Every record should be copied exactly, except that pictures are to be omitted.

Crawled caption data
# # # # # # #
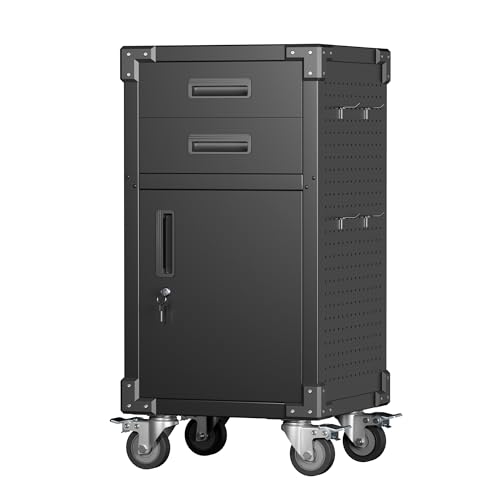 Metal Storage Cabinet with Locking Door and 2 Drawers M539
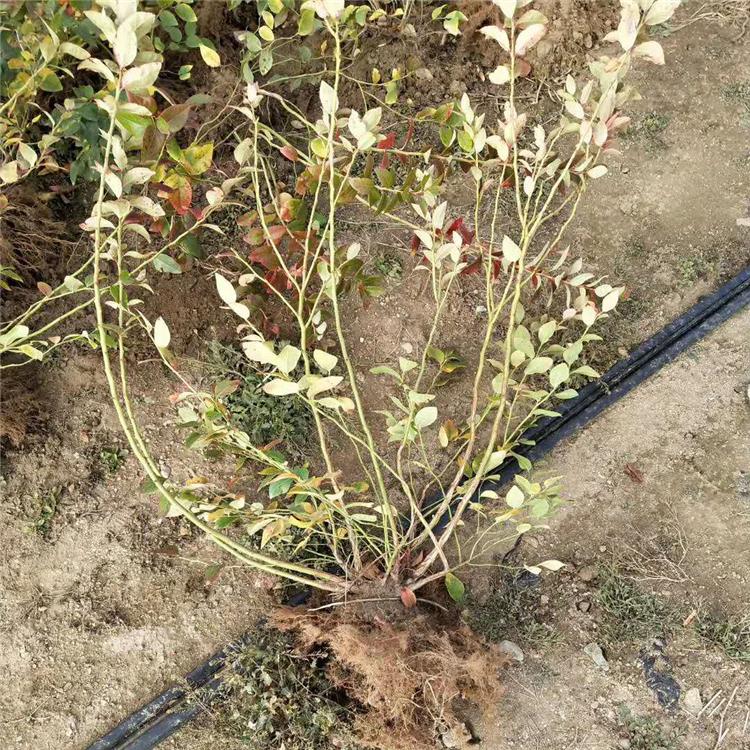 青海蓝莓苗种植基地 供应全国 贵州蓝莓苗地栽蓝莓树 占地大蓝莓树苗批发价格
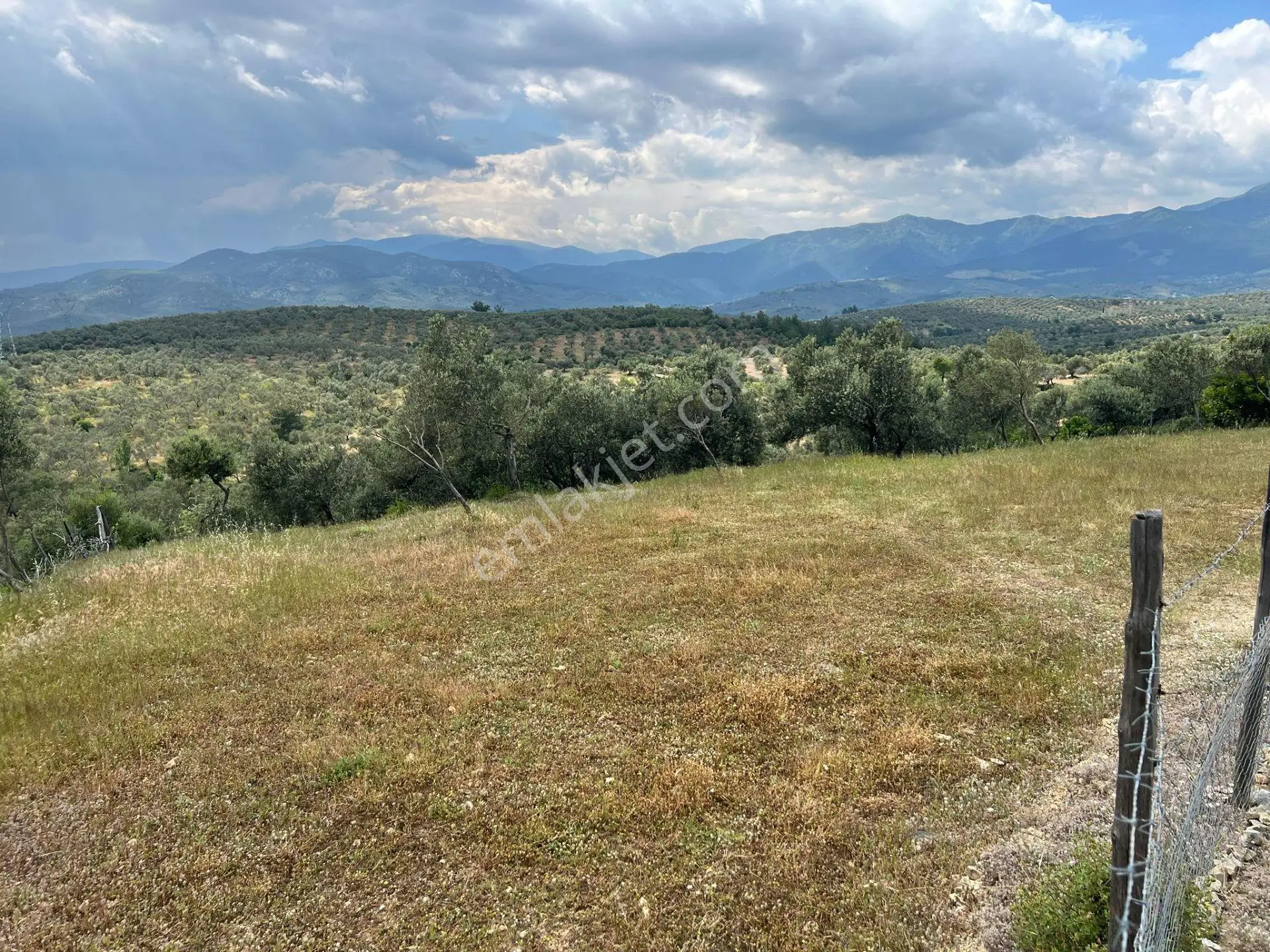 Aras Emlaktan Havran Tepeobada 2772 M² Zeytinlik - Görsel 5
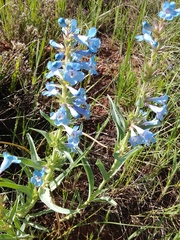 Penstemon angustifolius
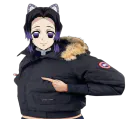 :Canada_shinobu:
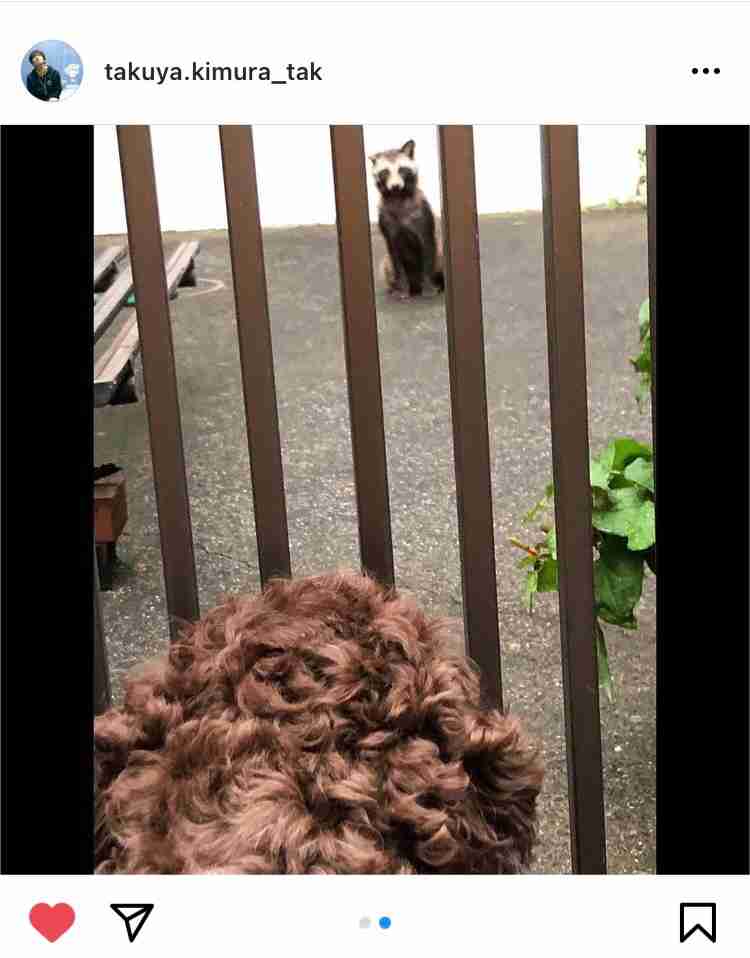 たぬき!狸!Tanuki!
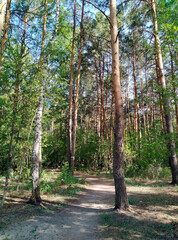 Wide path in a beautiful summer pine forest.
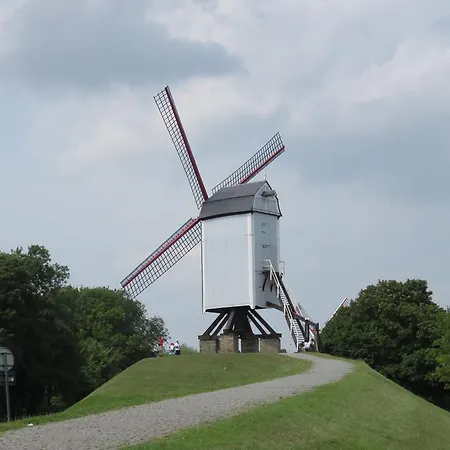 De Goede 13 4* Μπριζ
# # # # # # #
Answer to this task ->
 Metal Storage Cabinet with Locking Door and 2 Drawers M539
 青海蓝莓苗种植基地 供应全国 贵州蓝莓苗地栽蓝莓树 占地大蓝莓树苗批发价格
 Aras Emlaktan Havran Tepeobada 2772 M² Zeytinlik - Görsel 5
 Penstemon angustifolius
 :Canada_shinobu:
 たぬき!狸!Tanuki!
 Wide path in a beautiful summer pine forest.
 De Goede 13 4* Μπριζ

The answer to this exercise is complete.